From the entries that follow, reproduce exactly and only the lines from the line with "Rustikale Navy Wood" to the line with "Dark Mezquite Upholstered Bed frame detail", endpoints included.

## Scraped caption text data
★ ★ ★ ★ ★ ★ ★
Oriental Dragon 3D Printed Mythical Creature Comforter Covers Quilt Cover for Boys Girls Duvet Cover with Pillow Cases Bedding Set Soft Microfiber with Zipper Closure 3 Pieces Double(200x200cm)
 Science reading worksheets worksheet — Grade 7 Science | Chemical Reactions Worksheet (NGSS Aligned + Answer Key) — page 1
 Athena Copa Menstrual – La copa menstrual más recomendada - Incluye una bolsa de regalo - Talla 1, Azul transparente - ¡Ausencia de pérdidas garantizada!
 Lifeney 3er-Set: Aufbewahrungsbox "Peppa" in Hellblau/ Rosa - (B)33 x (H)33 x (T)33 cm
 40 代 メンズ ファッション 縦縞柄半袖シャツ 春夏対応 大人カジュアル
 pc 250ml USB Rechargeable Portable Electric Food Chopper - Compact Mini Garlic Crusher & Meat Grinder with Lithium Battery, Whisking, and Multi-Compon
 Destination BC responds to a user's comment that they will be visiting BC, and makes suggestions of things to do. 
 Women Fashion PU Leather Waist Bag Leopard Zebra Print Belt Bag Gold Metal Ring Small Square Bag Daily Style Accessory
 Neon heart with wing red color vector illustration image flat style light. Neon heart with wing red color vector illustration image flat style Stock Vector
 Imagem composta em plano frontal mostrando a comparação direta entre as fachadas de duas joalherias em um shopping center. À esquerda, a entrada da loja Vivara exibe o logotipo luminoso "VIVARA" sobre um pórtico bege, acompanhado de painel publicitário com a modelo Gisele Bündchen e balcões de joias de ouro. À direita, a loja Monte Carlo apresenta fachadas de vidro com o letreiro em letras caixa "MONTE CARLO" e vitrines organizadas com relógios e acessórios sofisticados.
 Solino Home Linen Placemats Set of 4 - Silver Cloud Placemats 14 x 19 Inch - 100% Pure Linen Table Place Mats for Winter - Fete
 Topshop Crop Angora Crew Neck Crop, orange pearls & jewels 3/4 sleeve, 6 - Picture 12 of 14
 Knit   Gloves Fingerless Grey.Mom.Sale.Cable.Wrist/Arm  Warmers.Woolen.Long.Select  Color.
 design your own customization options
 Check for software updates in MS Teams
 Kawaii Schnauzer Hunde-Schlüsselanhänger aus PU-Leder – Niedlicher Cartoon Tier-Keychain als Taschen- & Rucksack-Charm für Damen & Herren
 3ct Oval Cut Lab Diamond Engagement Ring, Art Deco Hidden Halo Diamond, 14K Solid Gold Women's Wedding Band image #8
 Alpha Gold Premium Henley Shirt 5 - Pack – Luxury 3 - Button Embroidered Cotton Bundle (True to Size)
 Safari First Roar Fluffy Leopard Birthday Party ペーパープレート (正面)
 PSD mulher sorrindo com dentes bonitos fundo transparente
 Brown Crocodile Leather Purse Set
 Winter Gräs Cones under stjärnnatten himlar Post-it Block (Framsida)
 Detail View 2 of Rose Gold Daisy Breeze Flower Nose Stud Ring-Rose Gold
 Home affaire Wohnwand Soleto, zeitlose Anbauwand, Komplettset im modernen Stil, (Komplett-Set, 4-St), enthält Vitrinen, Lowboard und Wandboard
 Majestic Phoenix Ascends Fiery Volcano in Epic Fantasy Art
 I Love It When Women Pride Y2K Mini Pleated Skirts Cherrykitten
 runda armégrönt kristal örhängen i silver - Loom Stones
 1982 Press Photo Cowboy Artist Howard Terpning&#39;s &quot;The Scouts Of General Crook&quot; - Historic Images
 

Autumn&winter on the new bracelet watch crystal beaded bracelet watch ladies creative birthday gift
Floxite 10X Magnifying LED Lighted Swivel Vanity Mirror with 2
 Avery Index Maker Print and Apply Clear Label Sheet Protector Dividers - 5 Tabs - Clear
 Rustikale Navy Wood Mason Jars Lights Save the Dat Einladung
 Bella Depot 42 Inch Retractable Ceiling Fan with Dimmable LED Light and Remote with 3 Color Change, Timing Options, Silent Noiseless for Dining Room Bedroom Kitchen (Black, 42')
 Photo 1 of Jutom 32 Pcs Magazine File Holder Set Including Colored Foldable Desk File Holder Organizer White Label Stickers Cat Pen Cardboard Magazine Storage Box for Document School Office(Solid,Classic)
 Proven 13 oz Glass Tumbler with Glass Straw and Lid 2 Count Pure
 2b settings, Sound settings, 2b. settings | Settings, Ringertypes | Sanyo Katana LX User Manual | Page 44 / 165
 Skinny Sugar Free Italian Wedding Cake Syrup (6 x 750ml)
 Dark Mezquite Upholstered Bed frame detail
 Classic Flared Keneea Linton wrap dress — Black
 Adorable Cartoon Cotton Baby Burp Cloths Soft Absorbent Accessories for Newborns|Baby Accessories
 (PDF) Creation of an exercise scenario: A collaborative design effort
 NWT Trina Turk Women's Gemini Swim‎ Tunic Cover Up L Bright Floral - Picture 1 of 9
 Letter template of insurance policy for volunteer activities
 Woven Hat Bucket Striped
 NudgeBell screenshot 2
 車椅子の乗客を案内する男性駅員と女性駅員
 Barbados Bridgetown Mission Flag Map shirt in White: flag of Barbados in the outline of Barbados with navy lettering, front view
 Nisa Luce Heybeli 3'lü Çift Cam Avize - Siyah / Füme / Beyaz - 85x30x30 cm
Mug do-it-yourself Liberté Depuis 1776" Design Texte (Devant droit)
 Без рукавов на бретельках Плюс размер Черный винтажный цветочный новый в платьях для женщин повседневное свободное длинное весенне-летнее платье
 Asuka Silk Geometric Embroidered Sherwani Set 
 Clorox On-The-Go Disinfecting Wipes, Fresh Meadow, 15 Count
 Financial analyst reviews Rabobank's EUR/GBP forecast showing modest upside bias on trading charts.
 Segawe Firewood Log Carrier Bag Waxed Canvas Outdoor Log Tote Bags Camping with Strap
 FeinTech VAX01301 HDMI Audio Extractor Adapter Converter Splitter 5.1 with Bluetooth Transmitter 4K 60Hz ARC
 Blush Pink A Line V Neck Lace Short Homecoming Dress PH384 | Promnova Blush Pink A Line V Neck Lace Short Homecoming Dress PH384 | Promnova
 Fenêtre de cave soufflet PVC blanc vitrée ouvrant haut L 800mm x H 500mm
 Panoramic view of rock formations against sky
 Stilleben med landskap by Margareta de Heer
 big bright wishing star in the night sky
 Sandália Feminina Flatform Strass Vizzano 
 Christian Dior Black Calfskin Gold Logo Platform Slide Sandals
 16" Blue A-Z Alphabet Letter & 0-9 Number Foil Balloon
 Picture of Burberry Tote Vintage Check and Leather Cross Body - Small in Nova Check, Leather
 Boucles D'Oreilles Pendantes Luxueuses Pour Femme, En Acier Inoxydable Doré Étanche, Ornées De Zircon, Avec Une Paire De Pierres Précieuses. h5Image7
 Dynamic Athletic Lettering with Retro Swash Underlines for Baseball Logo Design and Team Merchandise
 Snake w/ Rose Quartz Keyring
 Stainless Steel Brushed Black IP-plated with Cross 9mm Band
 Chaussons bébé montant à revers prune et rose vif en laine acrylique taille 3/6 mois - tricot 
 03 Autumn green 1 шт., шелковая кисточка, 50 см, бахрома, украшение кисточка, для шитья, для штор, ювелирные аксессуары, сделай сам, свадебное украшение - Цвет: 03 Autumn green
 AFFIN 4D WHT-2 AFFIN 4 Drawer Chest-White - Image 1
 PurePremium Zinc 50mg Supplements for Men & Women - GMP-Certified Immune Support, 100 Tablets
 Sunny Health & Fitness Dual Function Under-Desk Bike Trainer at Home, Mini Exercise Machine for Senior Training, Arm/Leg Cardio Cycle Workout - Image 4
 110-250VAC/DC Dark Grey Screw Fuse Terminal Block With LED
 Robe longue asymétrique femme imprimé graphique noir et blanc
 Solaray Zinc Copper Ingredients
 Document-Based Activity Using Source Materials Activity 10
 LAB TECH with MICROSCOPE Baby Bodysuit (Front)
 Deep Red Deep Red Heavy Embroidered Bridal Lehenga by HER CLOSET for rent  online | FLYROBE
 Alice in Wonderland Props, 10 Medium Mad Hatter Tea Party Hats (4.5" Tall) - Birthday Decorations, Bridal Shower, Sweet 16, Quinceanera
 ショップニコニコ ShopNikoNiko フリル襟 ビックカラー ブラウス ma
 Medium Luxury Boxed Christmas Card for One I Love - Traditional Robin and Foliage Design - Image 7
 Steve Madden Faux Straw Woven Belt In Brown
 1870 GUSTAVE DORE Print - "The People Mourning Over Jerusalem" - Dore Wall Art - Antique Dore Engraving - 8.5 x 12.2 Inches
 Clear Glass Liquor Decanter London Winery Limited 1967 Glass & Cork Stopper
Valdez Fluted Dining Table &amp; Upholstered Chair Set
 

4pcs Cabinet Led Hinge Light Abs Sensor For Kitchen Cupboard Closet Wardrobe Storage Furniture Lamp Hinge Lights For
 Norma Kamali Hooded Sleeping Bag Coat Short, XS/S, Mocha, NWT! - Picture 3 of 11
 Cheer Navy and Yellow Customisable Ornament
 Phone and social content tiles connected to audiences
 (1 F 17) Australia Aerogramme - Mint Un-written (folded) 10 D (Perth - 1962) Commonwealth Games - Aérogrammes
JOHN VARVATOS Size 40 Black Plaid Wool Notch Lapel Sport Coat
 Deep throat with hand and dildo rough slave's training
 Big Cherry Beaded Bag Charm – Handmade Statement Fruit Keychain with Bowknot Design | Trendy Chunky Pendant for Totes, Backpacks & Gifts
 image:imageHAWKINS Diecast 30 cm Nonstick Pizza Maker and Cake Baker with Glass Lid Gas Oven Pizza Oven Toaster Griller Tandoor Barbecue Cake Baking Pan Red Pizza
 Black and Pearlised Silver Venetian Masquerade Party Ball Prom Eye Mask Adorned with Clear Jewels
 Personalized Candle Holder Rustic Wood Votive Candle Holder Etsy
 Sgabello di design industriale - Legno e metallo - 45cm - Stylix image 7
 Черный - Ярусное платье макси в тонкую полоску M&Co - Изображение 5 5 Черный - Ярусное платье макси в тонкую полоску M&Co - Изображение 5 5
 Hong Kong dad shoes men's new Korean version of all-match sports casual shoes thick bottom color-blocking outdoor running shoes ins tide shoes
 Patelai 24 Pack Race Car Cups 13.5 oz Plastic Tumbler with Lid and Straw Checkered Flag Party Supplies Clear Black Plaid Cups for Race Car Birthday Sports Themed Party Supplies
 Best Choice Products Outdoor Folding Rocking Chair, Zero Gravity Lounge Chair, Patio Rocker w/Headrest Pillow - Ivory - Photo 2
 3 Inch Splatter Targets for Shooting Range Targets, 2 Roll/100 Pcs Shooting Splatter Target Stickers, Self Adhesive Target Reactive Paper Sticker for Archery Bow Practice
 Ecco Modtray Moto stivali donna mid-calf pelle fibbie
★ ★ ★ ★ ★ ★ ★
## RESULT BELOW
 Rustikale Navy Wood Mason Jars Lights Save the Dat Einladung
 Bella Depot 42 Inch Retractable Ceiling Fan with Dimmable LED Light and Remote with 3 Color Change, Timing Options, Silent Noiseless for Dining Room Bedroom Kitchen (Black, 42')
 Photo 1 of Jutom 32 Pcs Magazine File Holder Set Including Colored Foldable Desk File Holder Organizer White Label Stickers Cat Pen Cardboard Magazine Storage Box for Document School Office(Solid,Classic)
 Proven 13 oz Glass Tumbler with Glass Straw and Lid 2 Count Pure
 2b settings, Sound settings, 2b. settings | Settings, Ringertypes | Sanyo Katana LX User Manual | Page 44 / 165
 Skinny Sugar Free Italian Wedding Cake Syrup (6 x 750ml)
 Dark Mezquite Upholstered Bed frame detail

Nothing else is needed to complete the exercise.